More Things The Literature on Alzheimer's Doesn't Prepare You For

Lately, I've been thinking we should hang a "   days without           " board in our kitchen to keep track of my father's increasingly erratic behaviour. Today, for instance, the message could be "27 days without a bite being taken out of a tomato."

Gisela, the Web Goddess who is living with my family, grows tomatoes in our backyard. Much of this summer's harvest lies on counters in the kitchen waiting to be added to salads or made into sauce. One morning, she noticed that overnight a bite had been taken out of one of her tomatoes. A single bite. One bite was all whoever did it needed to discover that they really didn't want to eat a whole tomato. By process of elimination (the bite was too big to have been made by one of Gisela's cats, who, in any case, had never been on any of the tables or counters in the kitchen), the midnight tomato biter (who will be a character in a future comic, although I haven't decided if they'll be a hero or a villain) turned out to be dad.

We lost several good tomatoes that week.

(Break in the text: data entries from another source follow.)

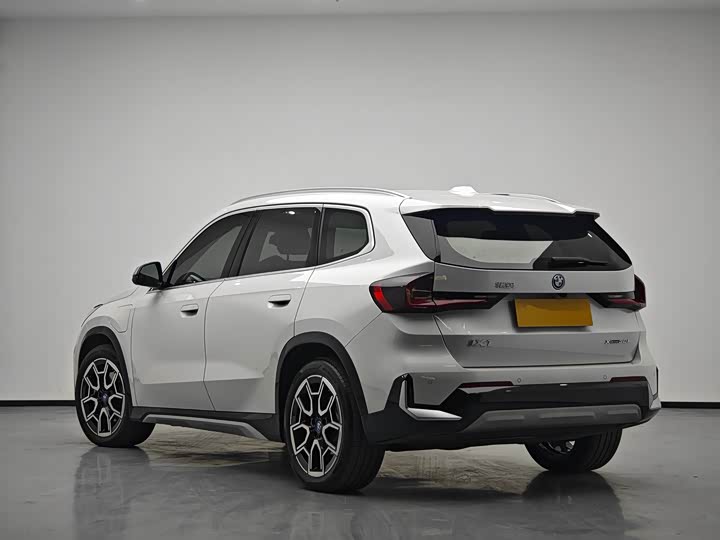 Фото 6 - BMW iX1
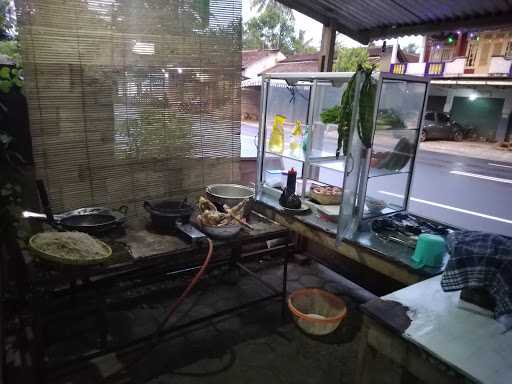 Warung Makan Mba Nur Spesial Ayam Kampung (Bakmi Goreng/Godog, Nasi Goreng) 6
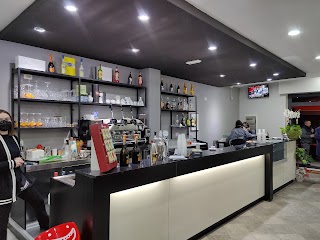 DAVIDONE LOUNGE BAR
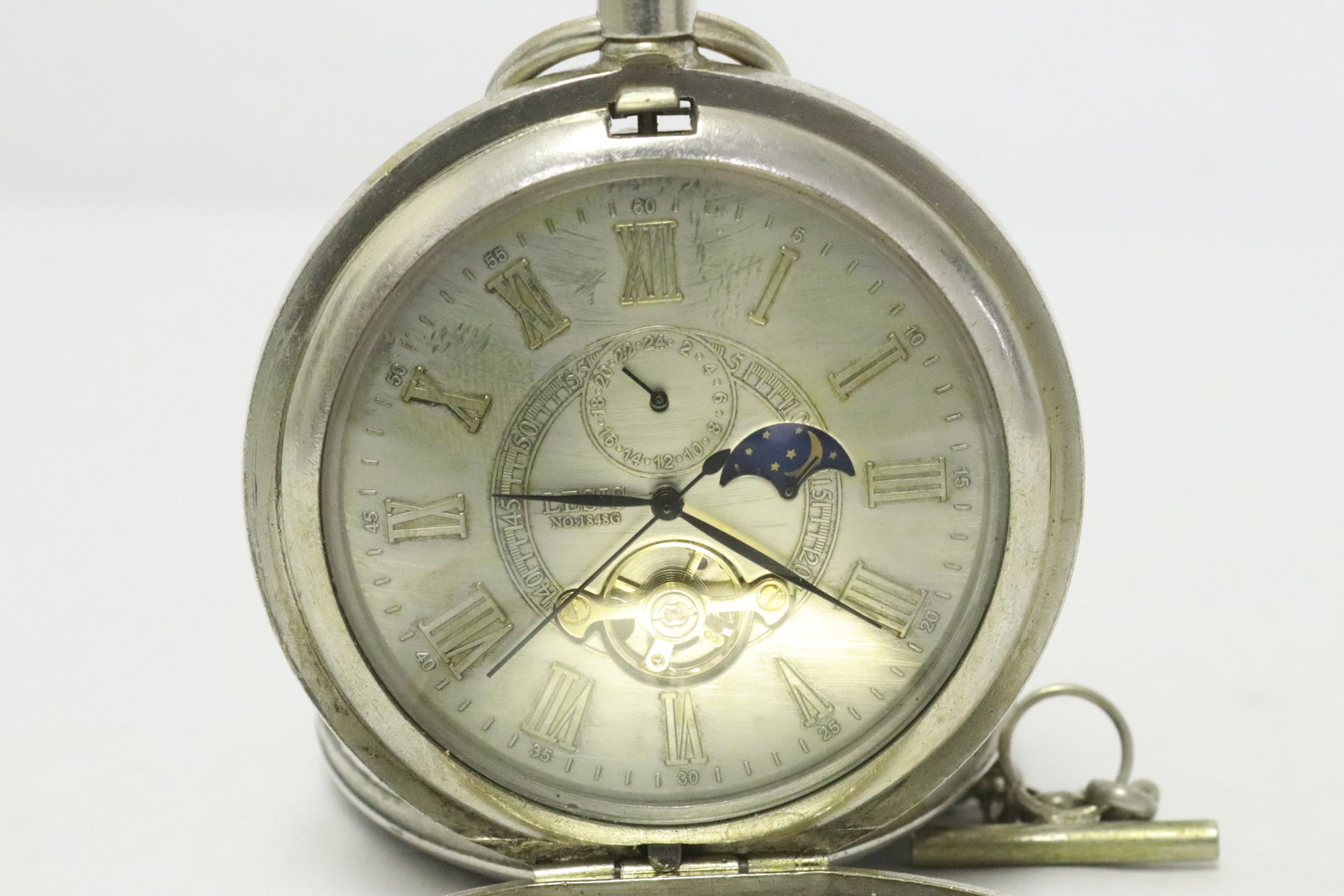 A pocket watch - 5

Their loss will be mourned. Then, my father's attention apparently turned to other matters. Like pants.

17 days without walking around the house without clothes

Although we were mortified by it when it first started happening, my father coming downstairs without pants would turn out to be relatively benign. Coming downstairs without pants and underwear - a progression that we should have anticipated, but didn't - was a lot more awkward.

The first person he encountered would hustle him back to his room and encourage him to put on the absent garments. (Sometimes, to shake things up, he would come down without a shirt. Those were good days.) I thought we might add our names and how often we had to help my dad to the message board; it wasn't a competition, of course, just to...keep track. Out of curiosity. But my brother Philip would have won hands down (to better pull up somebody else's pants), so there didn't seem to be a point.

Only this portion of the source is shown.